Material for this exercise -

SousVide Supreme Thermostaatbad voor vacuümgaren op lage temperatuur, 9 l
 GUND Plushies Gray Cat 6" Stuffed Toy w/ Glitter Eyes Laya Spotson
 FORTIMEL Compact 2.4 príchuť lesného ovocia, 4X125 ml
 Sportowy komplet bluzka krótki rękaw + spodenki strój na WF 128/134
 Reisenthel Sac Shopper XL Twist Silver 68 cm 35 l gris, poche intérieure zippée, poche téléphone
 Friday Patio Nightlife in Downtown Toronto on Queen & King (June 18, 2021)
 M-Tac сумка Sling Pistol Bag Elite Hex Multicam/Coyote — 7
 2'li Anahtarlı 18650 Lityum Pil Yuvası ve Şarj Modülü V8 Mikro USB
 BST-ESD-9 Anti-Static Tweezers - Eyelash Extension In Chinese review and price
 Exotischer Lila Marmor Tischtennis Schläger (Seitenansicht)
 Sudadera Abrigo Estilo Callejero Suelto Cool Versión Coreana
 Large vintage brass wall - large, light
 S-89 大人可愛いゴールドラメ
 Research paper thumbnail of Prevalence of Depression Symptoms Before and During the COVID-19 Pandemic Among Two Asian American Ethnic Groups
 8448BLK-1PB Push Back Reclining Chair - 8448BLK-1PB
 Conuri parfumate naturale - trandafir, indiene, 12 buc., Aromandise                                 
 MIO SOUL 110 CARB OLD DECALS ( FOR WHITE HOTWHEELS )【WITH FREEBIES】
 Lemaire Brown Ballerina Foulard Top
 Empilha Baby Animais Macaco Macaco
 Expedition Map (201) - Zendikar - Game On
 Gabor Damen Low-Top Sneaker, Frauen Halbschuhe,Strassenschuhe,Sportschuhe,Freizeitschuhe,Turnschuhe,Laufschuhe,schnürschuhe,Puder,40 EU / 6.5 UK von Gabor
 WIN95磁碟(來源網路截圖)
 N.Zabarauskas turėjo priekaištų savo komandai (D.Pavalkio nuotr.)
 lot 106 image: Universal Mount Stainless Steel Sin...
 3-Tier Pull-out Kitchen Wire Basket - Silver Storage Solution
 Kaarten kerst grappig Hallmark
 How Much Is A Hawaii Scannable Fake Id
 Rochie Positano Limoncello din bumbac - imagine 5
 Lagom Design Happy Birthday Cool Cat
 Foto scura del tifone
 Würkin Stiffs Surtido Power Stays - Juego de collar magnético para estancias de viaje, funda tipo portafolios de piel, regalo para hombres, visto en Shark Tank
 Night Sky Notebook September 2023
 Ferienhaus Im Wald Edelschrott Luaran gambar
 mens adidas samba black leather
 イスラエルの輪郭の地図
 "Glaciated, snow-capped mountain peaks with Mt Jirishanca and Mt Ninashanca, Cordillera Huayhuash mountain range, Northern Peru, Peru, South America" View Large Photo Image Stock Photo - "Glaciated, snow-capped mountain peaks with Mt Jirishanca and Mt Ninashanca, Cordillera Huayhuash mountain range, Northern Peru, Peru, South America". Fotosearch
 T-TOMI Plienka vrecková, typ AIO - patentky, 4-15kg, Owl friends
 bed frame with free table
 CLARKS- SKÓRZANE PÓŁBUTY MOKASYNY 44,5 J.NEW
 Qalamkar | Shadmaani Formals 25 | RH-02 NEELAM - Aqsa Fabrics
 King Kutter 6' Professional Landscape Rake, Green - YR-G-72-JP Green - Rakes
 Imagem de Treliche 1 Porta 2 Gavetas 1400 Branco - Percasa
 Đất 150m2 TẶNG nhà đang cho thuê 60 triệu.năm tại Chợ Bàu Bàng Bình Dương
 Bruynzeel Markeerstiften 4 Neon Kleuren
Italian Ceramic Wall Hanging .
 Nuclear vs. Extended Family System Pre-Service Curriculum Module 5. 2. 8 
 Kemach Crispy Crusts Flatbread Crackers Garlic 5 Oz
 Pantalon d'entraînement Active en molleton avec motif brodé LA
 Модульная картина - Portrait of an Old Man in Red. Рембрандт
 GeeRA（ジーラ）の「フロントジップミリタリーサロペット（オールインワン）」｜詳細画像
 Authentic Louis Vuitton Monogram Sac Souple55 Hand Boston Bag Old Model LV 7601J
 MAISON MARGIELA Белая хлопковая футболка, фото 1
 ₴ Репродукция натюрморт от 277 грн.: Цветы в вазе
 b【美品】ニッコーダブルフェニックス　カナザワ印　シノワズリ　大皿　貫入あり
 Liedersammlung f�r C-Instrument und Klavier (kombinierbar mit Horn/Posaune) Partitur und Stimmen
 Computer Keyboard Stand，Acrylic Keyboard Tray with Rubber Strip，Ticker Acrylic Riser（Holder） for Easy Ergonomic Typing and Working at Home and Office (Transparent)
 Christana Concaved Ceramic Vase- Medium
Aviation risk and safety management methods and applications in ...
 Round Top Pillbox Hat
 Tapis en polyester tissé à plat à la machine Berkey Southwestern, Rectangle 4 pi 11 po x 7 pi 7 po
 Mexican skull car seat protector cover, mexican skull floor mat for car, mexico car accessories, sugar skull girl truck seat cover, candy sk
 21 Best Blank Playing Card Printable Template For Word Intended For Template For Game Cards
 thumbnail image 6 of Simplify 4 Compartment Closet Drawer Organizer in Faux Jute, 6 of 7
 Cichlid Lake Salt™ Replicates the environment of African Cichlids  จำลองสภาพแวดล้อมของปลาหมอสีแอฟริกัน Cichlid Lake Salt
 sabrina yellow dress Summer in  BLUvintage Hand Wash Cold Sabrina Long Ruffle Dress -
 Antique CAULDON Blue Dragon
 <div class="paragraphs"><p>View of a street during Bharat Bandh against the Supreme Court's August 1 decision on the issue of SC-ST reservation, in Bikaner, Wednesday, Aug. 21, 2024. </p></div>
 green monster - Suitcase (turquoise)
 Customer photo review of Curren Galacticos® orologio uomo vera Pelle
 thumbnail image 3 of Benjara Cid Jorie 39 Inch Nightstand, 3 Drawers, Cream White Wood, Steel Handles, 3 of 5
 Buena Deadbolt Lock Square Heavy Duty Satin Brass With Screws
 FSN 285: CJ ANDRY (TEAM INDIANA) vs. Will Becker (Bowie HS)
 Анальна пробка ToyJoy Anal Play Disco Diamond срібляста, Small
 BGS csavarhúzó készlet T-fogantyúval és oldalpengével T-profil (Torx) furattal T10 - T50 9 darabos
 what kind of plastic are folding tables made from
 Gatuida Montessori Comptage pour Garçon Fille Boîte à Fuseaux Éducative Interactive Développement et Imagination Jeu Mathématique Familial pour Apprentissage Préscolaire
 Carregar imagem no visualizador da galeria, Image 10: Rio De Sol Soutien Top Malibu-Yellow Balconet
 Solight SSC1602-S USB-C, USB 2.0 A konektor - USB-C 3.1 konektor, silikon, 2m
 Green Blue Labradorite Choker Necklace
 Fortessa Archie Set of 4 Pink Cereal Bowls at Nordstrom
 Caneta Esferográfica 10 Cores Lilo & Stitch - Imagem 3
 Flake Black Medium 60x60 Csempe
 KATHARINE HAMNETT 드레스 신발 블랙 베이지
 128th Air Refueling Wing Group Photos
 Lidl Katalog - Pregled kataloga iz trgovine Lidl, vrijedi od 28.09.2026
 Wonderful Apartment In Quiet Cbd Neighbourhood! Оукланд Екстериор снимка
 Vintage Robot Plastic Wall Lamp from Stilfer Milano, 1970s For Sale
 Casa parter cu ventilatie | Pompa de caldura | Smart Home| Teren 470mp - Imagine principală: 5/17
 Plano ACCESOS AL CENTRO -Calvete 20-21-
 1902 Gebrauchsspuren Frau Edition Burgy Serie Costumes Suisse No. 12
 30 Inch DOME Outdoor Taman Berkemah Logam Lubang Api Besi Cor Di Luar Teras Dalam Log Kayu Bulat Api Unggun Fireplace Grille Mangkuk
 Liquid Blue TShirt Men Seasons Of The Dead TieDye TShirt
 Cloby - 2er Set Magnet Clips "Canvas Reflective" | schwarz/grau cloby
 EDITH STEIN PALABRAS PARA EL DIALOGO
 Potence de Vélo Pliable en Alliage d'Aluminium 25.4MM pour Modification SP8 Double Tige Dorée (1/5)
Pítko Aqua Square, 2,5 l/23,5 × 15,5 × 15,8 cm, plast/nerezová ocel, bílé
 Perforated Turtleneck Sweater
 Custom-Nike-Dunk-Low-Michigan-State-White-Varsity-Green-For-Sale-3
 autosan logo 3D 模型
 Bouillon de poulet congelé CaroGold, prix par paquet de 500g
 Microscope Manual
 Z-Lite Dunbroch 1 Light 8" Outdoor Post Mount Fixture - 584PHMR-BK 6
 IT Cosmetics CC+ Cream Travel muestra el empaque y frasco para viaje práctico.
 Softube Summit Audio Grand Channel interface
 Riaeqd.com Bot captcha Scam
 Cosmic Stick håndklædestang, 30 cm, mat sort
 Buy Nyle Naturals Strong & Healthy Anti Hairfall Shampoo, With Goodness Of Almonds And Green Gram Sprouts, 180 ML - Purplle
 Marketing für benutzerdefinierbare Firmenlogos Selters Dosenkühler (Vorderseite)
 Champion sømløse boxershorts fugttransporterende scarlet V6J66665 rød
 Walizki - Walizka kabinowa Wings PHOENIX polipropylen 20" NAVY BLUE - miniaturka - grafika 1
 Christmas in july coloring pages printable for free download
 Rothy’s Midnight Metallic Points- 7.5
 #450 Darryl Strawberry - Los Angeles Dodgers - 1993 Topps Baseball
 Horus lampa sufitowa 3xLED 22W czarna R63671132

Problem to solve - Reproduce verbatim only this range: the first line of the material through the line that contains "Empilha Baby Animais Macaco Macaco", inclusive.

Answer box -
SousVide Supreme Thermostaatbad voor vacuümgaren op lage temperatuur, 9 l
 GUND Plushies Gray Cat 6" Stuffed Toy w/ Glitter Eyes Laya Spotson
 FORTIMEL Compact 2.4 príchuť lesného ovocia, 4X125 ml
 Sportowy komplet bluzka krótki rękaw + spodenki strój na WF 128/134
 Reisenthel Sac Shopper XL Twist Silver 68 cm 35 l gris, poche intérieure zippée, poche téléphone
 Friday Patio Nightlife in Downtown Toronto on Queen & King (June 18, 2021)
 M-Tac сумка Sling Pistol Bag Elite Hex Multicam/Coyote — 7
 2'li Anahtarlı 18650 Lityum Pil Yuvası ve Şarj Modülü V8 Mikro USB
 BST-ESD-9 Anti-Static Tweezers - Eyelash Extension In Chinese review and price
 Exotischer Lila Marmor Tischtennis Schläger (Seitenansicht)
 Sudadera Abrigo Estilo Callejero Suelto Cool Versión Coreana
 Large vintage brass wall - large, light
 S-89 大人可愛いゴールドラメ
 Research paper thumbnail of Prevalence of Depression Symptoms Before and During the COVID-19 Pandemic Among Two Asian American Ethnic Groups
 8448BLK-1PB Push Back Reclining Chair - 8448BLK-1PB
 Conuri parfumate naturale - trandafir, indiene, 12 buc., Aromandise                                 
 MIO SOUL 110 CARB OLD DECALS ( FOR WHITE HOTWHEELS )【WITH FREEBIES】
 Lemaire Brown Ballerina Foulard Top
 Empilha Baby Animais Macaco Macaco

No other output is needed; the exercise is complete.